Mucho se ha hablado del anonimato como el vehículo perfecto para este tipo de agresión. En lo personal, no creo que sólo el anonimato sea el bastión desde donde se lanzan piedras en las redes sociales. También existe el golpeteo directo, la opinión virulenta contra alguien que alguna vez tuvo la confianza de los demás. Un mal día se acaban la amistad, los años de trabajar en la misma oficina, de planear actividades entre risas y memelas que dejaban apestando a cebolla los recintos y los recuerdos. Cada vez estamos más cerca de hacer una inapropiada acotación a lo que alguien opina, y recibir andanadas de descalificaciones y el baneo de los intolerantes. Peor resulta cuando se nos ocurre subir videos, imágenes o comentarios propios a las plataformas. Cualquier persona que no esté de acuerdo con nuestros contenidos puede llegar a reportar el canal, la cuenta de Facebook, X o Instagram. En mi experiencia, la peor forma de la desacreditación llega cuando alguien defiende a los indefendibles. Caso específico: el MeTooEscritores Mexicanos. En la vida me hubiera imaginado que en ese mar de protestas de mujeres víctimas de abuso por parte de escritores varones emergieran como boyas fosforescentes los reclamos de parte de mujeres que los defendían a punta de groserías y falsedades contra las querellantes. 
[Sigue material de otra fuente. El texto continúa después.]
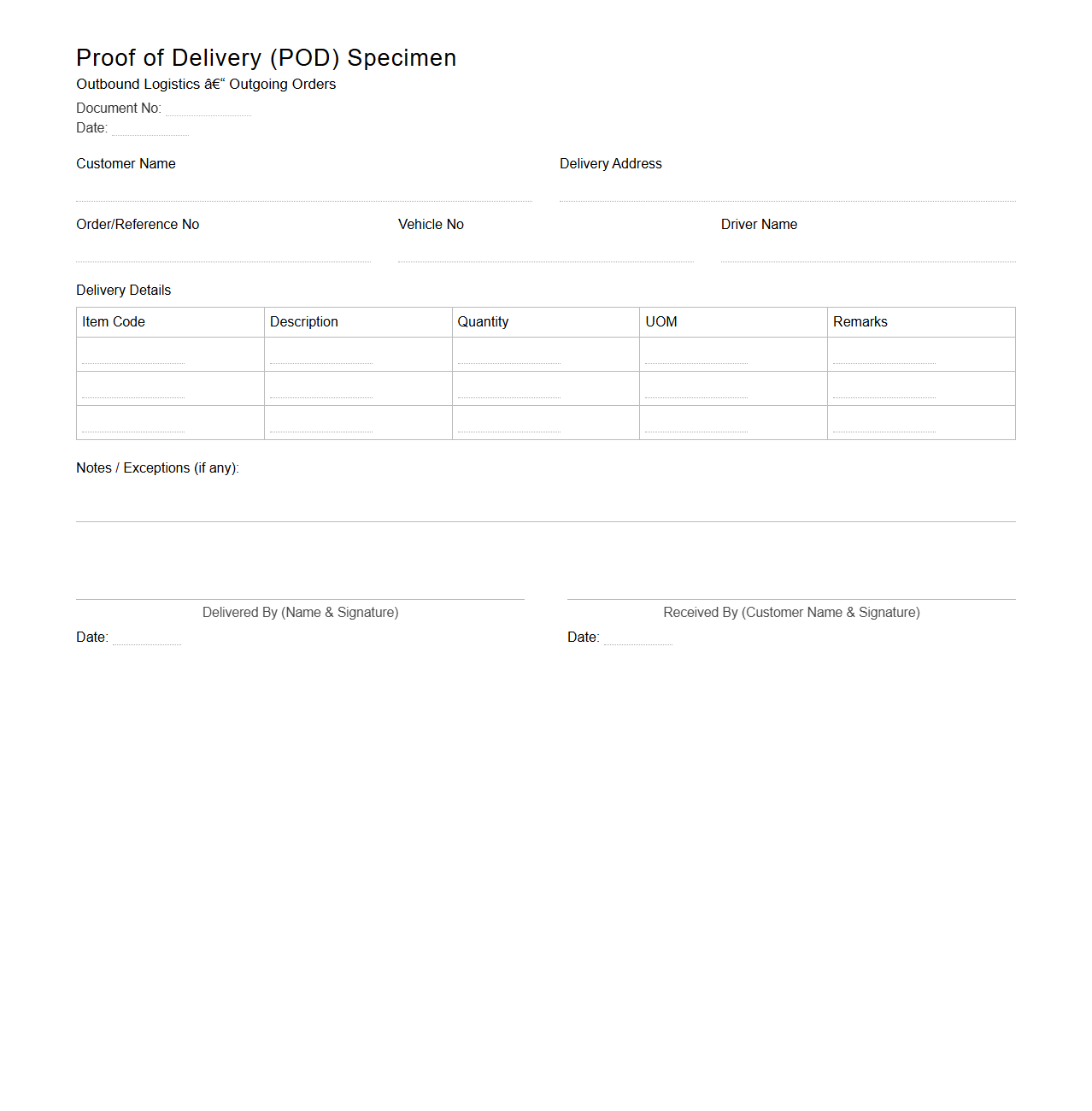 Outbound Logistics Proof of Delivery (POD) Specimen for Outgoing Orders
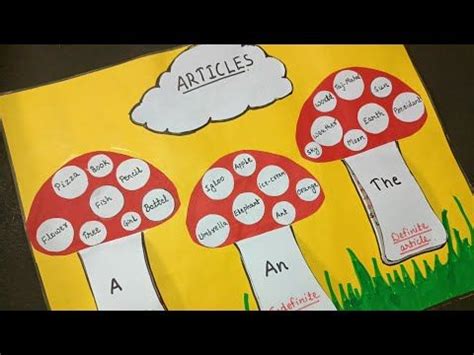 Articles english TLM | How to learn articles in English grammar | A,An ...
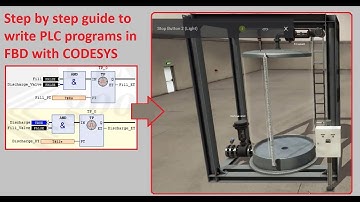 step by step guide to write plc programs in FBD with CODESYS | Part6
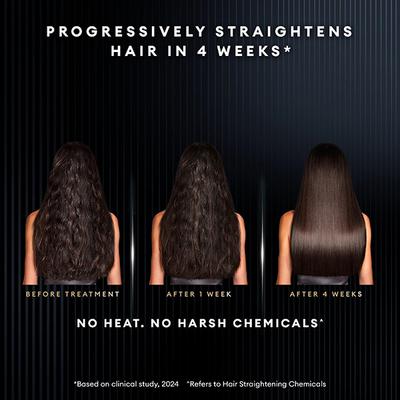 Tresemme Silk Press Finisher Serum 38 ml - Hair Serums
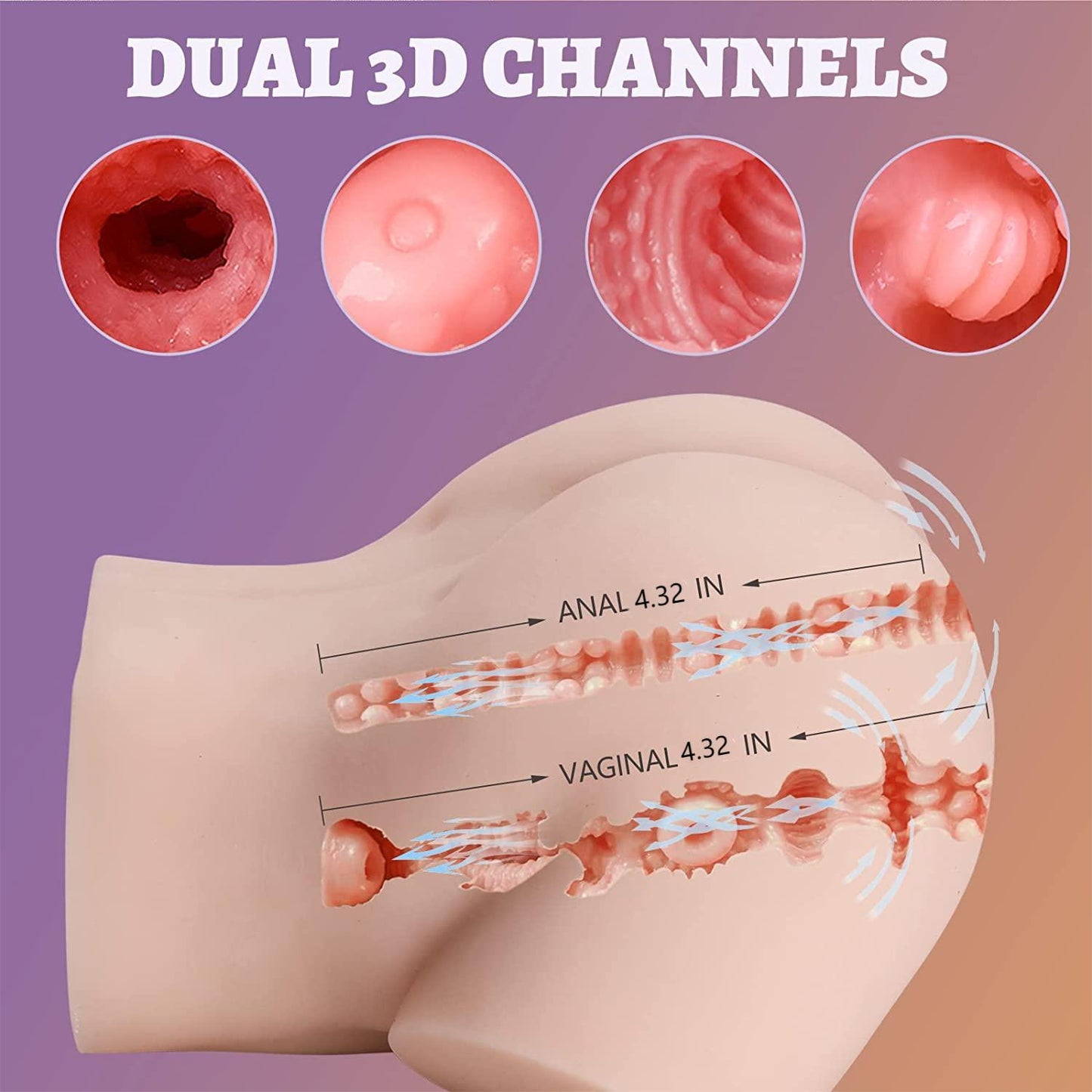 sex doll uae men videoSexDollMaleMasturbatorsPocketPussyAss,1.46LBRealisticMiniSexDollAdultSexToysLifelikeFemaleSexDollTorsoHipwithVirginVaginaandAnalMenMasturbationMaleStrokerforDoggyStyleRealistic Silicone  Style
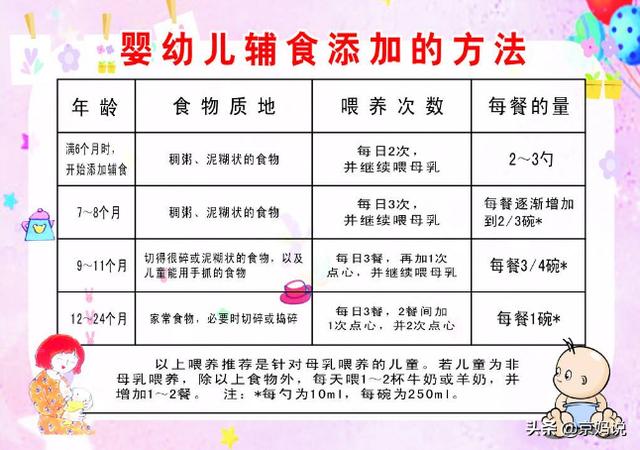 宝宝10个月后能够咀嚼的时候,什么辅食适合吃,什么辅食不适合吃？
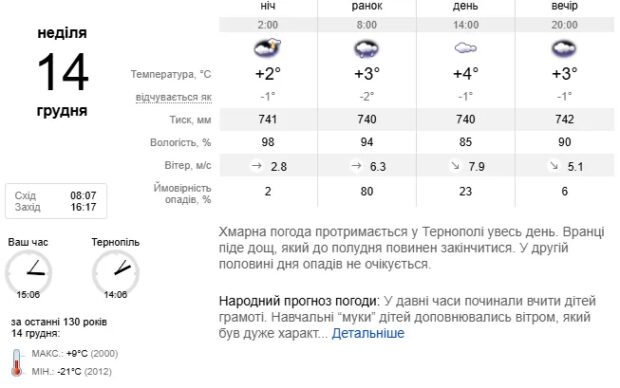 Погода Тернопіль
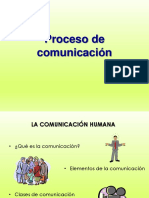 Proceso Comunicacion Presentacion Powerpoint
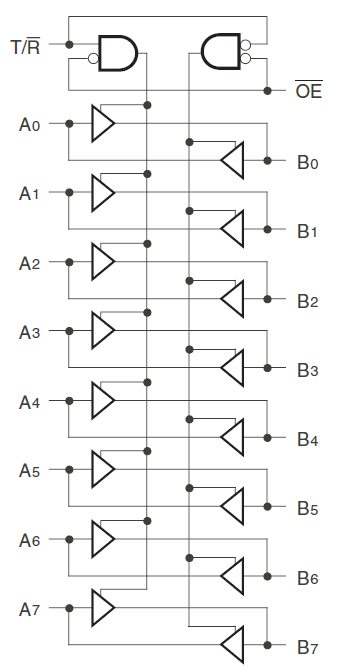 74FCT2245T - Block Diagram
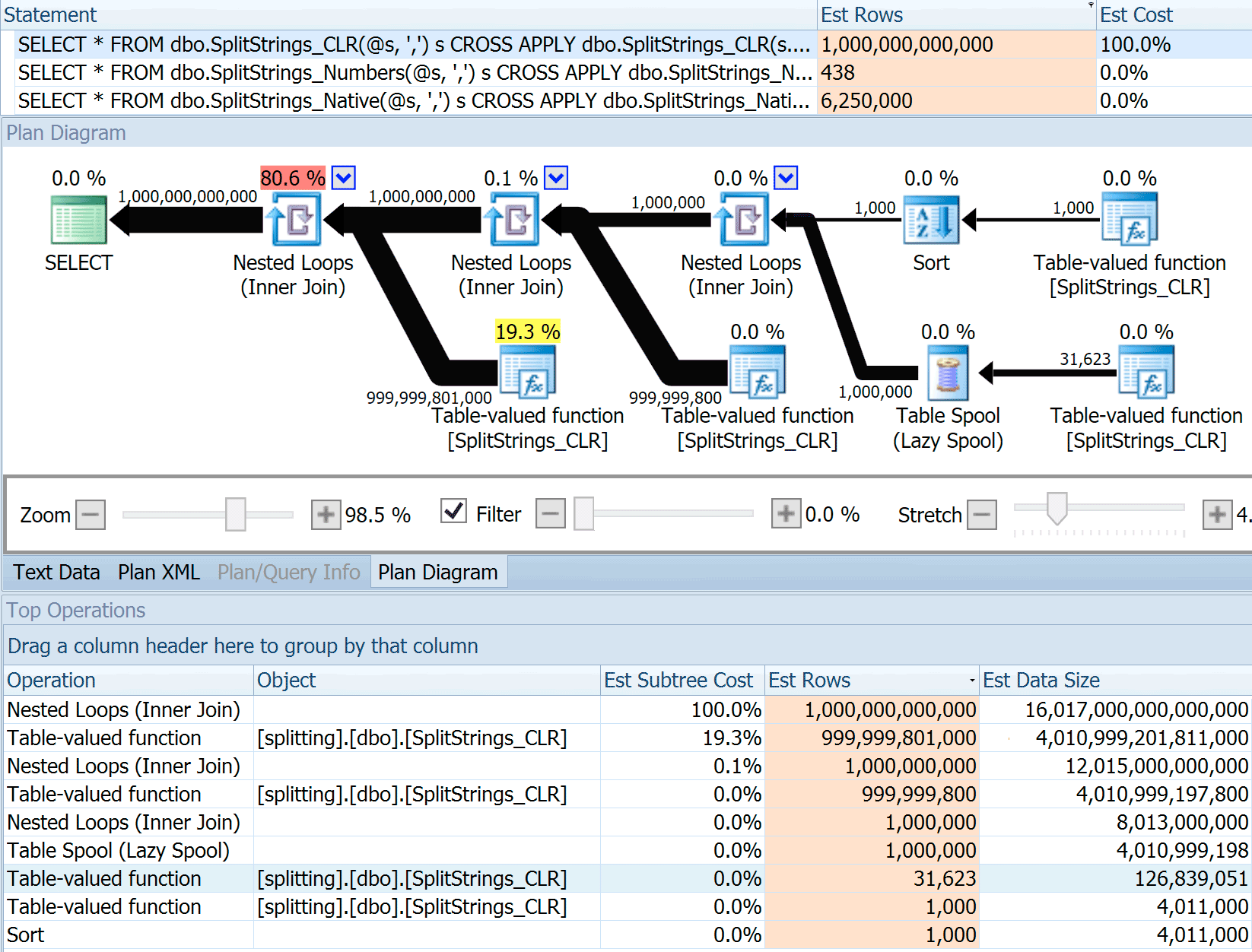 Estimated plan for nested CLR split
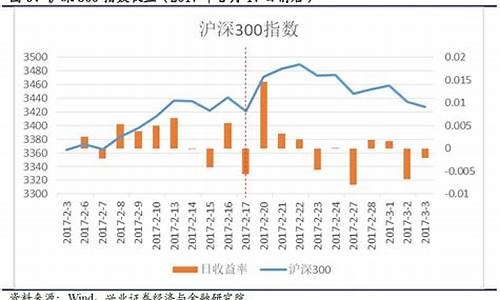 股指期货限制(股指期货限制开仓)_https://www.hhdlqc.com_郑商所_第1张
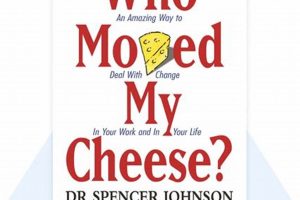 Quick Guide: Who Moved My Cheese? Book Synopsis & Lessons Safem Fabrication - Precision Engineering & Custom Manufacturing Solutions Quick Guide: Who Moved My Cheese? Book Synopsis & Lessons | Safem Fabrication - Precision Engineering & Custom Manufacturing Solutions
Otra forma de la censura y de la cancelación es que te impidan el acceso a una institución de gobierno porque “les caes mal”. Hace muchos años tuve la experiencia en carne propia cuando la secretaria de una directora de área de la Secretaría de Cultura —antes de convertirse en esa institución inoperante llamada Consejo Estatal para la Cultura y las Artes de Puebla— me habló muy preocupada para decirme que su jefa le había ordenado al policía de la puerta negarme el acceso. Y no soy la única en haber sufrido esa clase de atropello. Otra persona me platicó que a ella le negó el acceso la directora de otro instituto de cultura porque “hablaba mal de ella en las redes sociales”. Dichas acciones cancelan la posibilidad del diálogo y abren la puerta a más agresiones y más cerrazón. Esto no sería grave si la discriminación saliera de cualquier pelagatos sin idea de por qué insulta o por qué le sigue el jueguito a los demás. Pero no. La cancelación viene de personas con algún poder temporal para dañar los intereses de ciudadanos y ciudadanas que confiaron en las instituciones en las cuales ellos y ellas son sólo un engranaje más. La cultura de la cancelación se convierte en una muy alta pared de sólidos ladrillos que nos separa de la argumentación, el diálogo, el perdón y la reconciliación. No sólo eso: nada repara el daño hecho al buen nombre, la reputación, la credibilidad de una persona que ha aportado su tiempo, ideas, creatividad y obras a la sociedad. El coro de voces puestas a deshacer el prestigio de una mujer dedicada a la música, a vivir su vida como ella pensaba que debía vivirla, como es el caso de Tár, nos deja pensando en si no habrá alguna vez un antídoto contra ese odio de quienes vienen entrando a las distintas esferas de la vida económica, artística o laboral contra aquellos que han hecho una aportación valiosa pero cometieron un error: ser demasiado brillantes para una sociedad cada vez más oscura.